Every submission made there went to the frontpage. What are the chances? I mean, it's hard to believe that mainstream Redditors at this point are so interested in Reddit news that they keep sending every Reddit announcement to the top. What's more likely, to me at least, is that Reddit is either leveraging its knowledge of how things work to get to the top in a surefire way, or it's plain messing with the upvote numbers. I would love to see data on these submissions, if possible. Of course, there's good reason for them to actually do this -- they need to advertise the Reddit marketplace stuff and so on, it's how they make money.


I've been out of the loop for a few years, but no the votes aren't manipulated.

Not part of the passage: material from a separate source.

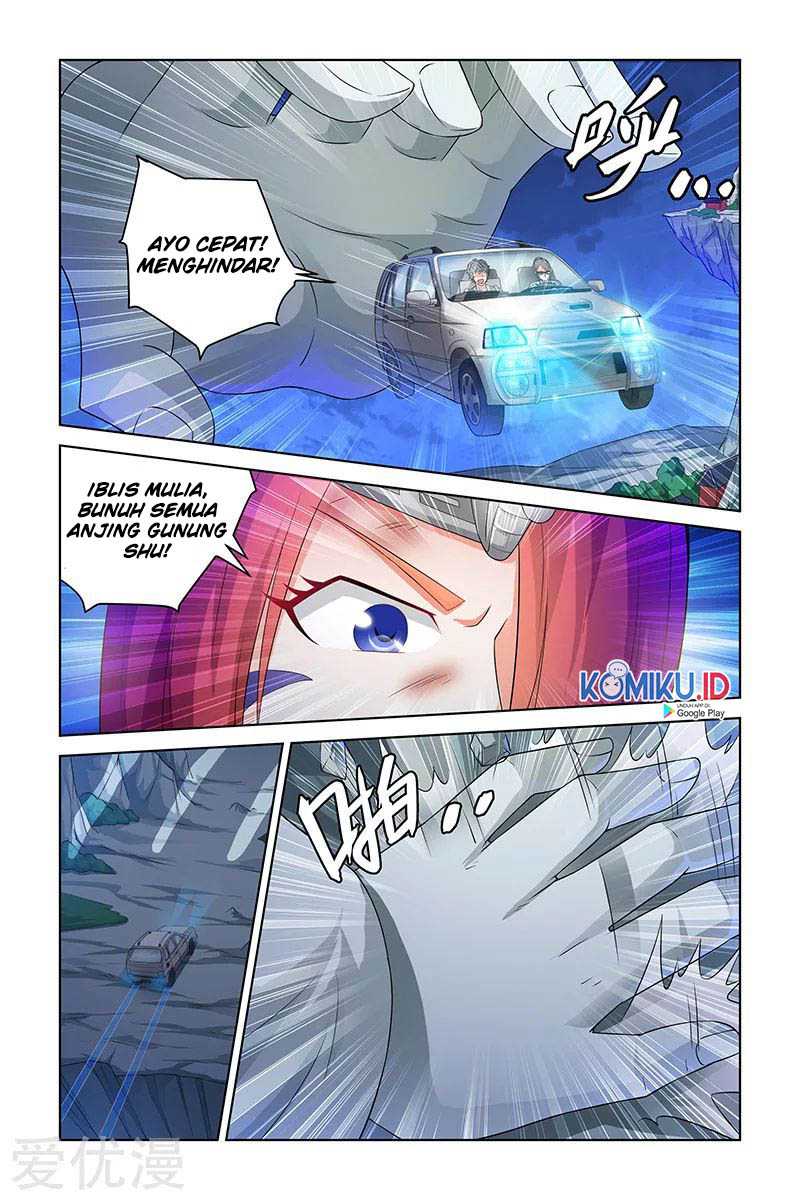Baca Manhua Demonic Housekeeper Chapter 155 Gambar 2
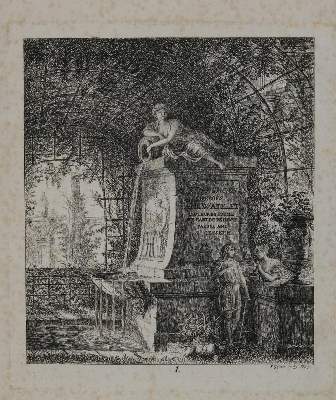 Bild Nr.4: 135-3833 Gessner, Salomon: (Künstlergraphik)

But the normalisation algorithm https://github.com/reddit/reddit/blob/master/r2/r2/lib/norma... does prefer to get one at least of each subreddit. This means that if /r/blog has a post it will probably be placed on the front page immediately. That action gets it a lot of votes just because it's very visible.

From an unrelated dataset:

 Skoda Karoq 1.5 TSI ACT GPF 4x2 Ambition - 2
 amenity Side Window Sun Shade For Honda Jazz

> I've been out of the loop for a few years, but no the votes aren't manipulated.

AHA! Let's just cancel out the double negative ("no" and "n't") and look what we uncover, in this former reddit admin's very own words: "the votes are manipulated"


For those who don't know, raldi is a former reddit admin as well.


That's not how english works. That's not a double negative.


Now let's cancel out the double negative ("not", and "not") in what you said:

> That's how english works. That's a double negative.

Exactly!


Or...

> That's a double positive.

Indeed!


Umm, that isn't a double negative.


Can you explain why /r/blog is treated differently in multireddits?

Back when there were only 25 default subreddits and multireddits had just been launched, I tried to create a default multireddit. If I just included the top 25, the rankings would match the logged out view perfectly. But if I added /r/blog and /r/announcements they would appear in different places. I think they usually ended up at a slightly lower rank, but they also stuck around in the top 50 much longer, with week old posts often being inserted into the middle of the rankings.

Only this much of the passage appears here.